To assist you in your information gathering phase, here is a checklist of possible assets you and your soon-to-be ex may have.

While not everything may apply to you and your situation, this should help you get started.

If you are seeking legal help, your attorney will most likely request this information; if you are going it alone, you definitely want to be prepared for negotiation.

  

Bank Accounts. Do you have separate or joint accounts? It's all up for grabs and needs to be disclosed. You will need this information:

  • Name and address of bank
  • Type of account
  • Account number
  • Current balance
  • Names on the account
  • Date the account was opened

Pension Funds. This is your retirement and is extremely important. These accounts include 401k, 403(b), military retirement, etc. You and your soon-to-be ex may both have pension funds or retirement plans; be sure to collect the below information for both:

  • Name of the plan
  • Contribution made to the plan
  • Any employer matches made to the plan
  • Percent vested in the plan
  • Years until vested
  • Lump sum collectible now
  • Monthly payments collectible now
  • Date monthly payments become available

Stocks, Bonds, IRAs, Mutual Funds. You definitely don't want to miss any of these investments. While the market isn't great today, it may be tomorrow and you don't want to lose any of what may rightfully be yours. Here is the information needed for your investments:

  • Name
  • Number
  • Purchase price
  • Face value
  • Market value
  • Current total

Certificates of Deposit (CDs).  These are often forgotten about, but are great investments. If you have any, the information necessary is below:

  • Face amount
  • Maturity date
  • Location of CD
  • Interest

Life Insurance.  Often overlooked, these policies sometimes have cash value and should be reviewed. Here is what you will need:

  • Name of Insurance company
  • Policy number
  • Face value of the policy or policies
  • Cash value of the policy or policies
  • Name of person insured

Real Estate.  Do you own a home? Rental property? Vacation home? Time share? Whether owned jointly or separately, be sure to gather the information below for each property:

  • Date of purchase
  • Purchase price
  • Amount of down payment
  • Where the down payment came from
  • What the monthly payments are if there is an outstanding loan and the amount of taxes and insurance paid
  • Any current mortgage balances
  • The present fair market value of the property

Vehicles.  Cars, trucks, motorcycles, boats, RVs; they all count! Be sure to gather the information below for each one:

  • Year
  • Make
  • Model
  • License number
  • Fair market value
  • Balanced owed

Household Items.  This is going to be a sticky or gray area. Try not to get too hung up on this stuff unless it has sentimental value. Choose your battles. The best way to approach household items is to make a list of everything. Try to gather the below information:

  • Purchase price of item and sales receipt, if available
  • Estimated garage sale value or fair market value of all household items
  • Whether the item was purchased or received as a gift

Education. This may seem strange, but may become part of your divorce agreement; so, best to be prepared. Did you provide your spouse with an education, or did your spouse provide you with an education? If you worked so your spouse could pursue an education, provide the following information:

  • Dates when spouse was in school
  • What education was received
  • Your yearly salary while your spouse was pursuing an education
  • Yearly salary of your spouse if he/she worked
  • The source and amount of any income earned by you and your spouse

This should cover any and all assets you may have. Having all of the above information on hand will help your attorney prepare (if you are going that route) and ensure you are not missing out on anything that is rightfully yours. No one said divorce would be easy, but being prepared will certainly make things easier in the long run.

Related Posts:

Divorce and Debt, an Introduction to a New Series

Divorce & Debt - Divorced and re-entering the workforce???

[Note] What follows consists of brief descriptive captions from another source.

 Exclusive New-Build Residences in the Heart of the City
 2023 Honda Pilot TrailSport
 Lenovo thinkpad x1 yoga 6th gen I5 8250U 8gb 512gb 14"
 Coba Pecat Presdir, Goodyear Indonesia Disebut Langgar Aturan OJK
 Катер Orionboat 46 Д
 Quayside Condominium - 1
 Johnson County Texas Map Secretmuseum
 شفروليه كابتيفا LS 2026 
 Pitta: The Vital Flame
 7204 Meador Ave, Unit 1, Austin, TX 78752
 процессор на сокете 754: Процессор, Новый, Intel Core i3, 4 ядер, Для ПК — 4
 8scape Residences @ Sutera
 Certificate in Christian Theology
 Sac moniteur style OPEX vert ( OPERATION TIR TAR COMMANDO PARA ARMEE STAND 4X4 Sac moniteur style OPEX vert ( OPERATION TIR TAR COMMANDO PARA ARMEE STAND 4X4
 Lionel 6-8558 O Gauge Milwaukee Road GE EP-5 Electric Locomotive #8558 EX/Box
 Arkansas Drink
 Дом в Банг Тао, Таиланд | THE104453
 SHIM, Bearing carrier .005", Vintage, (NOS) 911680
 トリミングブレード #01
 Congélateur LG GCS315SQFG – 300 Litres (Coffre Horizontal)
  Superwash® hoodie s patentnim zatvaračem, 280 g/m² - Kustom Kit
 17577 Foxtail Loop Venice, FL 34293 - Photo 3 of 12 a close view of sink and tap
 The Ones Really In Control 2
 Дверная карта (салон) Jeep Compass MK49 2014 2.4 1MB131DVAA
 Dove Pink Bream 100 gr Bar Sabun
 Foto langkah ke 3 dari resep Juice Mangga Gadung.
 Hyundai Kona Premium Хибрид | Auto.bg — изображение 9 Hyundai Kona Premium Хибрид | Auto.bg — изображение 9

5 Smart Financial Moves to Make after Divorce

Suzanne Cramer

Suzanne is a certified credit counselor working in our Ask the Expert forums as a coach and a Social Media Specialist for CareOne. Suzanne writes for our Divorce, Debt and Finances and A Straight Talk on Debt blogs. Ask her questions, share your story or just follow Suzanne on her journey as she discusses dealing with divorce, debt, and finances. Follow Suzanne on Twitter: ADivorcedMom and Ask CareOne where she shares the latest debt industry news and tips to keep your finances in check.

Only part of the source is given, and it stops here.